If you’ve read a newspaper, visited the airport, or looked at any of the University of Manitoba’s official literature, you’ve almost certainly seen the “Trailblazer” ad campaign. Some of the ads feature pictures of students against imposing backgrounds. In the bottom right is the university’s logo. In the bottom left is the slogan “Define who you really are.”
Across the centre of the ads there is a word branding the student as an inspiring figure. According to the University of Manitoba’s Visual Identity Guide, an amusing document available for free online, these words are “brand tenets”: rebel, pioneer, creator, innovator, maverick, trailblazer, challenger, defender, visionary, explorer, adventurer.
I’ve always found it puzzling that a major Canadian university feels the need to create this outward face for itself and plaster it all around the city. There’s something desperately try-hard about brand enforcement in universities. The U of M trying to portray itself as a Galt’s Gulch of mavericks and explorers is as cringe-inducing as your dad wearing a sideways baseball cap and calling people “dawg.”
The ads are not just laughable; they’re contradictory in a subtle but insidious way.
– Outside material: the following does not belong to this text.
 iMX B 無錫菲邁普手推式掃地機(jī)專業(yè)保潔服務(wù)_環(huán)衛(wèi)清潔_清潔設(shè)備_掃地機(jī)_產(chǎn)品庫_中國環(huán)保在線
This contradiction has the same form as those hilarious University of Regina ads that say “Question Authority: Find out how at www.uregina.ca/arts/journalism.”
Obviously, if you need someone to tell you how to question authority, you’re not really questioning anything. In the same way, if you feel the need to tell people you’re a maverick, you’re not one. In fact, the word’s history gives it strong overtones of opposition to branding. No genuine maverick will ever be attracted to a university that brands itself as a haven of mavericks.
And there’s no inherent value in being a maverick or a rebel. People accidentally become mavericks or rebels when they have discovered a new way of doing things that is not yet accepted by the old guard. Being contrary for its own sake is the mark of a person who wishes to appear a certain way rather than accomplish a certain task.
From one point of view, these ads are designed to attract the kind of person that an institution of higher learning shouldn’t want: the kind of person who is easily duped by branding, who places more importance on broadcast identity than on actions.
It’s more alarming, though, if you think of it another way: this ad campaign is evidence of a paradigm shift in the kind of student universities want to attract, and the nature of the education that is offered to them.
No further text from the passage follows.